Teen pens mature tunes

Teen pens mature tunes

At only age 19, English singer-songwriter Archy Marshall, better known as King Krule, writes about the struggles of life with the maturity of someone in his 30s.

Marshall's music has already achieved success that belies his youth: King Krule made it to the top 15 of the annual coveted BBC Sound Of 2013 longlist recognising the best indie acts around the world; and his debut album, 6 Feet Beneath The Moon, has received warm reviews from top publications including Pitchfork, Rolling Stone and The Guardian.

The teen artist admits to Life! that his youth has not always worked in his favour, but there are some positives in being young.

"People always have that kind of ageism, but if anything, it kind of empowered me to be able to play with 30-year-olds and 25-year-olds and so, like, I end up smashing the live set a lot more than they did," says Marshall over the telephone from Tokyo, ahead of his maiden show in Singapore as part of the Hostess Club Weekender festival on Saturday.

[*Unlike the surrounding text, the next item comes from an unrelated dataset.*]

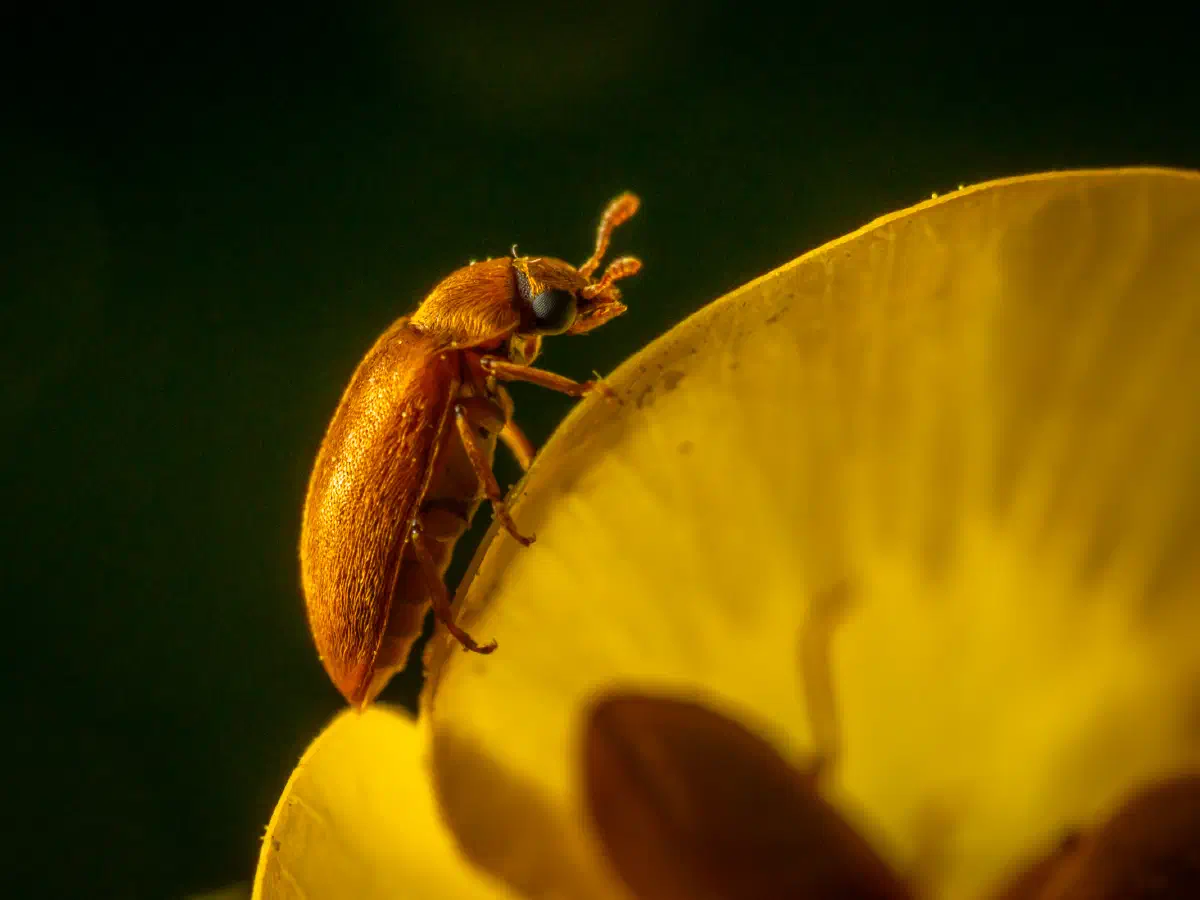 Byturide aux gros yeux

"A lot of people are always commenting on my age, but I'm just writing honestly... but I think my naivete is good."

When Marshall engages in conversation, he does so like a world-weary soldier of life, speaking in a deep, baritone voice, mumbling every now and then, much like he sounds in his music.

He explains that his debut album, 6 Feet Beneath The Moon, is a "documentation of myself between the ages of zero and 19".

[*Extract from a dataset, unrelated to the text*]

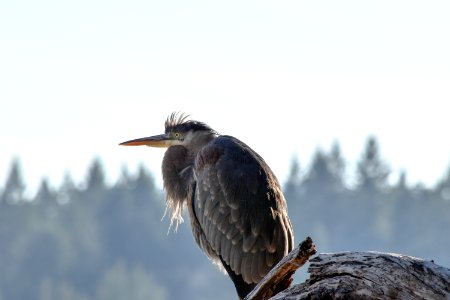 Outdoors, Profile, Intensity photo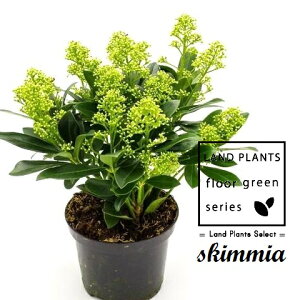 XL~AitB`[j 5 vX`bN 1 ~}VL~ ~J Skimmia japonica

"I was looking up to the moon, and that was a metaphor for my aspirations. I guess the theme is that I never quite knew what I wanted; I could never quite express what I wanted perfectly and I always felt trapped... my aspirations were too far away for me to succeed," says Marshall, whose father is an art director for television shows and mother is a screen printer, according to reports.

Works such as his hit single Easy Easy sing of working-class struggles and reveal a bruised teen spirit: "With your dead-end job/ That's been eating away your life/You feel a little inside/The trouble and strife/And now you spend your evenings/ Searching for another life."

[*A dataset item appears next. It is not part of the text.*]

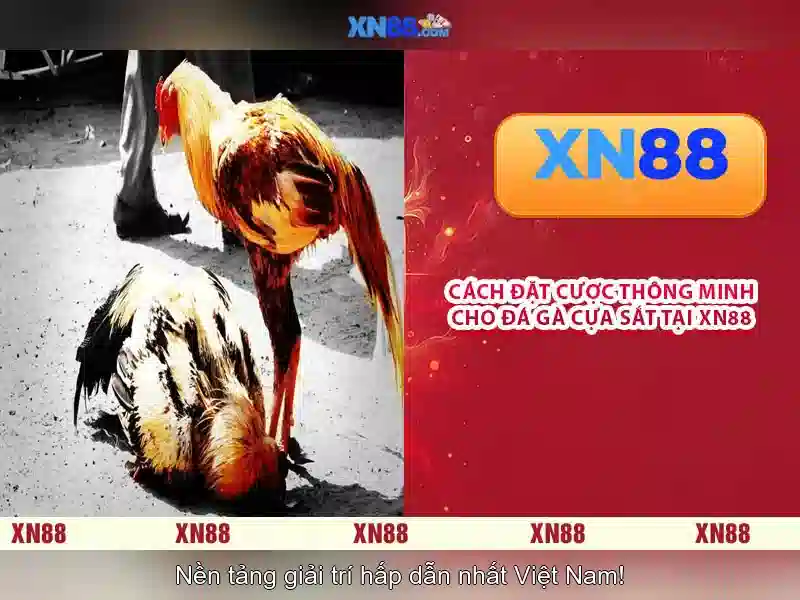 Trải nghiệm slot trực tiếp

In contrast to such lyrical eloquence, his answer to the question of whether his new-found success as a musician means he has achieved his aspirations is a lot simpler: "Kinda, yeah."

He says he has been producing music for the past three years, previously performing under different monikers, including Zoo Kid, DJ JD Sports and Edgar The Beatmaker, before he finally settled with the name King Krule.

The name is inspired by a song by the late Elvis Presley, King Creole.

Marshall says: "I like the aesthetic of letters and the shape of letters, and I especially like R-U-L-E, so that's how I picked the name."

At times, he can sound awfully like his age. He jokes that his introduction to music was when he was three years old, when "all the boys came over to me and strapped the drums to my head and started hitting on me".

His first show in front of a crowd was just over a year ago in a small pub, which he says turned out "really good".

"I never had a feeling like that, being nervous and having pure adrenaline, it was pure, pure esctasy for that fact that I could sing about these fools in front of me in a pub," he says, adolescent angst showing through.

His music is one that is difficult to define, sauntering through jazz, post-punk, dub-step and hip-hop.

Of his use of jazz samples in his tunes, he says: "I love improvisational jazz and I listen to quite a lot of it. So I sample jazz because it's kind of like a moment in time when I feel like they could have made more out of that one simple note."

Lyrics are important to him, he adds, revealing that he travels with a little book in which he scribbles his thoughts whenever he can.

"There is a poem and there is a text, as there is an emotion in the songs. I talk about emotions a lot and eternal feelings. What I want to convey is a satisfaction within myself, that I've actually written something that expresses something of myself."